### Dataset excerpt ###

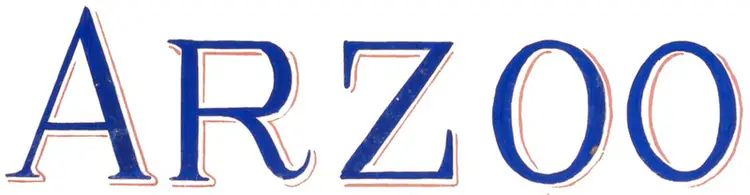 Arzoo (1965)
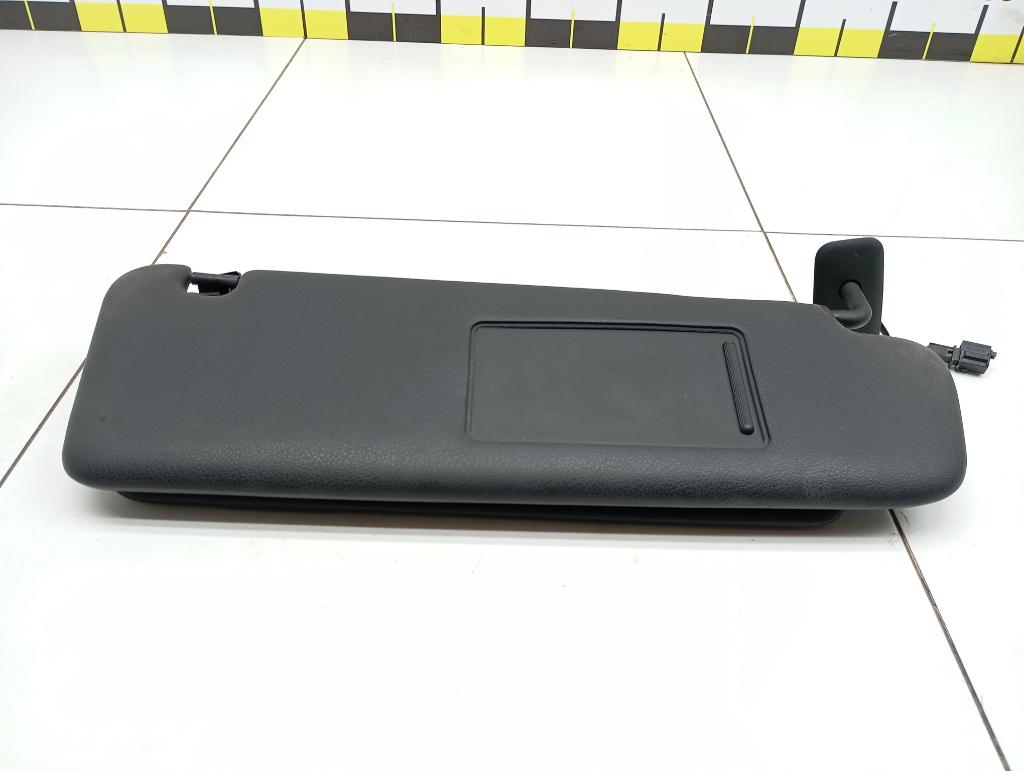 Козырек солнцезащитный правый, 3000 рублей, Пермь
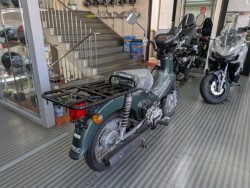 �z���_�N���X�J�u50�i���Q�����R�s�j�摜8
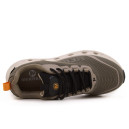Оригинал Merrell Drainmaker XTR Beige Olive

###

● **Task details**: Please write out the whole listing exactly, but not the pictures in it.

● **Solution to this task**:
 Arzoo (1965)
 Козырек солнцезащитный правый, 3000 рублей, Пермь
 �z���_�N���X�J�u50�i���Q�����R�s�j�摜8
Оригинал Merrell Drainmaker XTR Beige Olive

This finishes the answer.